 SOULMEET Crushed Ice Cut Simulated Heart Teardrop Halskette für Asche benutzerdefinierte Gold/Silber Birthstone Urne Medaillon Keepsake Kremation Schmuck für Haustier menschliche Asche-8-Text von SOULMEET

----------

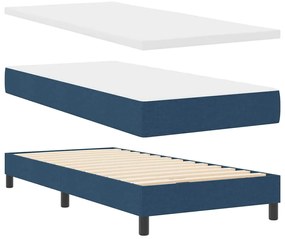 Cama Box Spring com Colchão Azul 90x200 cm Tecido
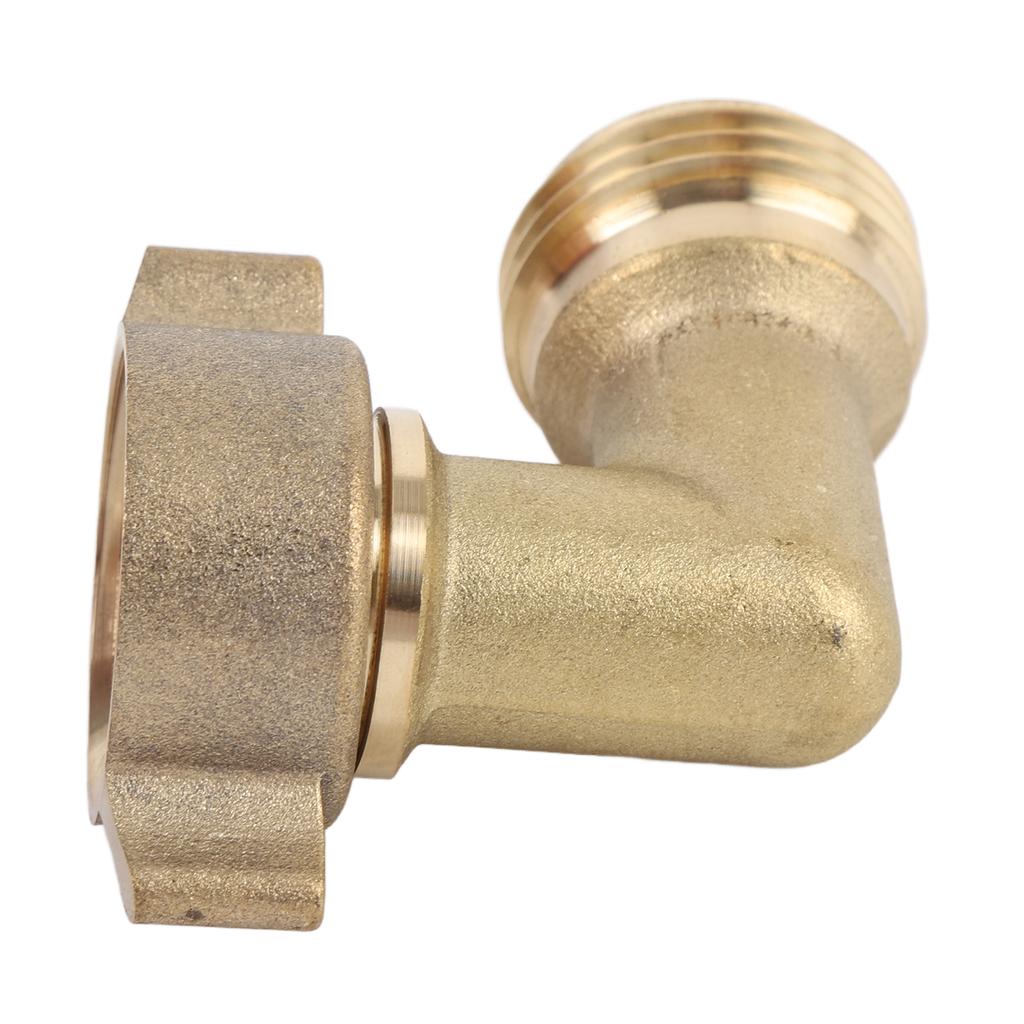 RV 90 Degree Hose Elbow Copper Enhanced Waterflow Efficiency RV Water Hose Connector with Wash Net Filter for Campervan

----------

What is being asked | Among the entries above, take the lines from the one with "Cama Box Spring" through the one with "RV 90 Degree" and retype them exactly, leaving out the pictures.

Answer for this exercise |
 Cama Box Spring com Colchão Azul 90x200 cm Tecido
 RV 90 Degree Hose Elbow Copper Enhanced Waterflow Efficiency RV Water Hose Connector with Wash Net Filter for Campervan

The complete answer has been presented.